The IVA proposal should be the debtor’s best attempt to address their unsecured liabilities and the estimated dividend – the amount that creditors will be repaid over the life of the IVA – must be reasonable. Apart from the credibility of the proposal and the expectation of a reasonable dividend, there are a number of other criteria which creditors apply. Take the case of a self employed (S/E) person who has liabilities to HM Revenue & Customs (HMRC). If the debtor has a history of non-compliance then HMRC are likely to reject the proposal. The most frequent such non-compliance and the most serious one is the failure to make S/E returns to HMRC. If S/E returns are up to date, HMRC may well accept the IVA proposal even when the liabilities to HMRC are substantial.

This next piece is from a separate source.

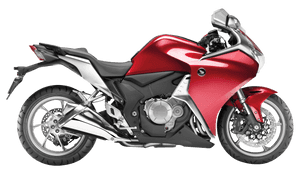 Red Honda Sport Motorcycle Profile View PNG image with transparent background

HMRC also put great store in the principle of treating all unsecured creditors equally and they particularly dislike a proposal where what is sometimes called a ‘hostage’ creditor seeks to be treated more favorably than other creditors. For a self employed person, a hostage creditor is a critical supplier of goods and/or services to the debtor’s business and who will only continue to do business with the debtor on the condition that they are excluded from the debtor’s IVA and if they receive payment in full for all debts incurred by the debtor prior to the IVA being approved. This would obviously be preferential treatment of that creditor. From the debtor’s point of view, it’s a case of damned if I do and damned if I don’t! If they include the hostage creditor’s debt in the IVA, that creditor will stop supplying critical goods or services and the debtor’s business is likely to fail. If the debtor’s business was to fail, it would be highly likely that as a result the IVA would fail. If on the other hand the debtor fails to disclose to creditors the debt to the hostage creditor and excludes that debt from the IVA, fully intending to service that debt secretly, than again the IVA is bound to fail if and when the supervisor of the IVA or another creditor discovers the preferential treatment. In these circumstances the debtor’s business is also likely to fail. Such a debtor could hardly be described as being open, frank and honest.
Creditors may also reject an IVA proposal if it is possible that if the debtor were to enter a Debt Management Plan (DMP), all creditors could be paid in full in less than ten years and in some cases in a period of one hundred months. Such an outcome might well depend on some or all interest and penalties being frozen during the life of the DMP and that is by no means guaranteed, given the varying approaches that different creditors adopt towards a DMP.
The relationship between the creditor and the debtor is also a significant factor in shaping the creditor’s attitude. If the debtor is a relatively new customer and the debt was incurred within the last six months, it would not be surprising for the creditor to reject the IVA. On the other hand if the debtor was a long standing customer – say for ten or more years – and the new debt was simply a consolidation of several existing debts with that creditor, then it would be surprising if that creditor were to reject the IVA, given the long term knowledge of the debtor’s financial history.